Another aspect of this sale was the British pottery and porcelain library of a Scottish collector.

A gem of the collection was a well-preserved 1777 edition of the Wedgwood & Bentley catalogue of cameos, intaglios, medals, busts, small statues and bas reliefs. Estimated at £250-350, it took £1400.

This scarce catalogue was the fourth edition but, including many additions, is considerably larger than the first of 1773. In particular, the introductory text for each section includes valuable commentaries on the ongoing improvements in manufacturing methods and the development of Wedgwood’s business activities.
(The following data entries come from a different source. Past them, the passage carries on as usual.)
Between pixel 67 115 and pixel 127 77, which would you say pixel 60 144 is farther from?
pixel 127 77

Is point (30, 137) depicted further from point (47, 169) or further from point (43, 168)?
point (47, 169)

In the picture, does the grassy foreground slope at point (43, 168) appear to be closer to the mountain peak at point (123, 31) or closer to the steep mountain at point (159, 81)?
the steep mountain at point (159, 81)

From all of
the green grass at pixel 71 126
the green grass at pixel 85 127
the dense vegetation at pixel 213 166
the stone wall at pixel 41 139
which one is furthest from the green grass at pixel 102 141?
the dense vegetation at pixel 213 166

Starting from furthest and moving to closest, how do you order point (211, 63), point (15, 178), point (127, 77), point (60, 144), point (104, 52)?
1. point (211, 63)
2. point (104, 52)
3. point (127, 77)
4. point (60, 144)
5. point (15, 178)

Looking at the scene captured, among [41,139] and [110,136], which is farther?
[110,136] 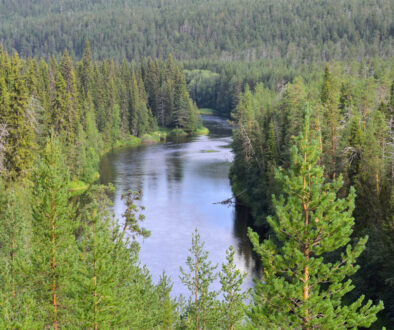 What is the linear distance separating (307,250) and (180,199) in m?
56.6

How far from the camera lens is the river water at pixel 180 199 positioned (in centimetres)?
5317

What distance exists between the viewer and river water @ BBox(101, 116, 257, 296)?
53172 mm

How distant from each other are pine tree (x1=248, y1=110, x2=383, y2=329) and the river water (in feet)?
83.9

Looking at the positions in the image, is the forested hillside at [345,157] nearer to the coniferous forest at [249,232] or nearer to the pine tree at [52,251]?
the coniferous forest at [249,232]

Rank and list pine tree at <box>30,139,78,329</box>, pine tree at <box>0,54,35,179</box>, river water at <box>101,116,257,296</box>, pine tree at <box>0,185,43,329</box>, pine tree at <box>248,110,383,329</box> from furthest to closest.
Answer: pine tree at <box>0,54,35,179</box> < river water at <box>101,116,257,296</box> < pine tree at <box>30,139,78,329</box> < pine tree at <box>0,185,43,329</box> < pine tree at <box>248,110,383,329</box>

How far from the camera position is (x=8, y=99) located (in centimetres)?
6444

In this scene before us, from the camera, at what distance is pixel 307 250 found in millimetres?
19125

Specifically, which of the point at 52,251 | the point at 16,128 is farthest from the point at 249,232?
the point at 16,128

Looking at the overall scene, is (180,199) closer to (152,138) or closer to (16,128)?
(16,128)

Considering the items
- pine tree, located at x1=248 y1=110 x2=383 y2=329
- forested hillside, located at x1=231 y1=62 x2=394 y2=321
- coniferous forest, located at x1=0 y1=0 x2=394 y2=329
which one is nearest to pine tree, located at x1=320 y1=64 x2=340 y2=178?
forested hillside, located at x1=231 y1=62 x2=394 y2=321

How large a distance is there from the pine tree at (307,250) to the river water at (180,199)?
25581mm

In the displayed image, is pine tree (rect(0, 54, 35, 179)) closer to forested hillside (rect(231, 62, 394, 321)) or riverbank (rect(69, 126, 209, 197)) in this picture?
riverbank (rect(69, 126, 209, 197))

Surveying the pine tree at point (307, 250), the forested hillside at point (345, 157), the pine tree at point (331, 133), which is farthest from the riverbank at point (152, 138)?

It includes references to a recently perfected “fine white artificial jasper, of exquisite beauty and delicacy; proper for cameos and bas-reliefs”.

Josiah Wedgwood’s partnership with Thomas Bentley for the manufacture and sale of ornamental goods began in 1768.

A house was built for Bentley as part of the Etruria Works that opened the following year, but he doesn’t seem to have occupied it. Instead, he moved to London, living first in Chelsea and then at 12 Greek Street in Soho – the shop address mentioned on the cover of this catalogue. Bentley was plagued by ill health and died in 1780.

To wind up the Wedgwood & Bentley accounts, all the stock was sold by auction at a Christie’s sale lasting 12 days.